How to complete this task :: Copy the data that follows, exactly and completely.

::::

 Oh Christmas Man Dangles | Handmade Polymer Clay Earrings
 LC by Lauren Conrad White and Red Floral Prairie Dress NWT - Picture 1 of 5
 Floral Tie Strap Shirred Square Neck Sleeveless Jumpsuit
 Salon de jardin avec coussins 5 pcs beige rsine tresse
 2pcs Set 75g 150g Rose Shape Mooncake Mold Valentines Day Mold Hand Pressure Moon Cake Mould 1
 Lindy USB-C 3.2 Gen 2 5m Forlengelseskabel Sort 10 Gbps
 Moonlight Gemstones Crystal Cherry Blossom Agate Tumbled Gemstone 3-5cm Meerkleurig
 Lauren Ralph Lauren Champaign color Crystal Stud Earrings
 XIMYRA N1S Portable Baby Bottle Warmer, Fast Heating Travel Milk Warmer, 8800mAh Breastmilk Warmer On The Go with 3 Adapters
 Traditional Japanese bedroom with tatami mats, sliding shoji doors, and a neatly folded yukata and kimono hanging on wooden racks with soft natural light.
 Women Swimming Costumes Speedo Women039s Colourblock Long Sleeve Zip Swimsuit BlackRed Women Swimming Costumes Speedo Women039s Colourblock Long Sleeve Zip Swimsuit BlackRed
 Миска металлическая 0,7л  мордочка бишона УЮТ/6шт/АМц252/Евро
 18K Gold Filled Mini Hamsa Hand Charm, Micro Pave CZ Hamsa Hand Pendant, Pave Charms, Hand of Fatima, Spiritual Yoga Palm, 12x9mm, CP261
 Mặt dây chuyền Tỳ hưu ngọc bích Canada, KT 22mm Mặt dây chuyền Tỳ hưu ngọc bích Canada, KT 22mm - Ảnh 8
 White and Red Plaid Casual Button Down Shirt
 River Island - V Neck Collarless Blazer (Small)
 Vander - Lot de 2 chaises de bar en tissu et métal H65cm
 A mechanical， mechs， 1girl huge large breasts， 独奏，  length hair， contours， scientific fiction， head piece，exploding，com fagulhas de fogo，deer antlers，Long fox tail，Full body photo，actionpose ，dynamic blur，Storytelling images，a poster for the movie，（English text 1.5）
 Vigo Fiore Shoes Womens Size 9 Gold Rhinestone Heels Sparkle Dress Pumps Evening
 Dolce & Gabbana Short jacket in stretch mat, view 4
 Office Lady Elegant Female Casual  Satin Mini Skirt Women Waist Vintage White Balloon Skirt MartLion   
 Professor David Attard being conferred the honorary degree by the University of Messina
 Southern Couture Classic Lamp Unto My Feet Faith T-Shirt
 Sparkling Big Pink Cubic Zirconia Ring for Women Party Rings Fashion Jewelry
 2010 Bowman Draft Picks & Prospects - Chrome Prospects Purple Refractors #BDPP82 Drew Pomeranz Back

::::

Answer for this exercise ::
 Oh Christmas Man Dangles | Handmade Polymer Clay Earrings
 LC by Lauren Conrad White and Red Floral Prairie Dress NWT - Picture 1 of 5
 Floral Tie Strap Shirred Square Neck Sleeveless Jumpsuit
 Salon de jardin avec coussins 5 pcs beige rsine tresse
 2pcs Set 75g 150g Rose Shape Mooncake Mold Valentines Day Mold Hand Pressure Moon Cake Mould 1
 Lindy USB-C 3.2 Gen 2 5m Forlengelseskabel Sort 10 Gbps
 Moonlight Gemstones Crystal Cherry Blossom Agate Tumbled Gemstone 3-5cm Meerkleurig
 Lauren Ralph Lauren Champaign color Crystal Stud Earrings
 XIMYRA N1S Portable Baby Bottle Warmer, Fast Heating Travel Milk Warmer, 8800mAh Breastmilk Warmer On The Go with 3 Adapters
 Traditional Japanese bedroom with tatami mats, sliding shoji doors, and a neatly folded yukata and kimono hanging on wooden racks with soft natural light.
 Women Swimming Costumes Speedo Women039s Colourblock Long Sleeve Zip Swimsuit BlackRed Women Swimming Costumes Speedo Women039s Colourblock Long Sleeve Zip Swimsuit BlackRed
 Миска металлическая 0,7л  мордочка бишона УЮТ/6шт/АМц252/Евро
 18K Gold Filled Mini Hamsa Hand Charm, Micro Pave CZ Hamsa Hand Pendant, Pave Charms, Hand of Fatima, Spiritual Yoga Palm, 12x9mm, CP261
 Mặt dây chuyền Tỳ hưu ngọc bích Canada, KT 22mm Mặt dây chuyền Tỳ hưu ngọc bích Canada, KT 22mm - Ảnh 8
 White and Red Plaid Casual Button Down Shirt
 River Island - V Neck Collarless Blazer (Small)
 Vander - Lot de 2 chaises de bar en tissu et métal H65cm
 A mechanical， mechs， 1girl huge large breasts， 独奏，  length hair， contours， scientific fiction， head piece，exploding，com fagulhas de fogo，deer antlers，Long fox tail，Full body photo，actionpose ，dynamic blur，Storytelling images，a poster for the movie，（English text 1.5）
 Vigo Fiore Shoes Womens Size 9 Gold Rhinestone Heels Sparkle Dress Pumps Evening
 Dolce & Gabbana Short jacket in stretch mat, view 4
 Office Lady Elegant Female Casual  Satin Mini Skirt Women Waist Vintage White Balloon Skirt MartLion   
 Professor David Attard being conferred the honorary degree by the University of Messina
 Southern Couture Classic Lamp Unto My Feet Faith T-Shirt
 Sparkling Big Pink Cubic Zirconia Ring for Women Party Rings Fashion Jewelry
 2010 Bowman Draft Picks & Prospects - Chrome Prospects Purple Refractors #BDPP82 Drew Pomeranz Back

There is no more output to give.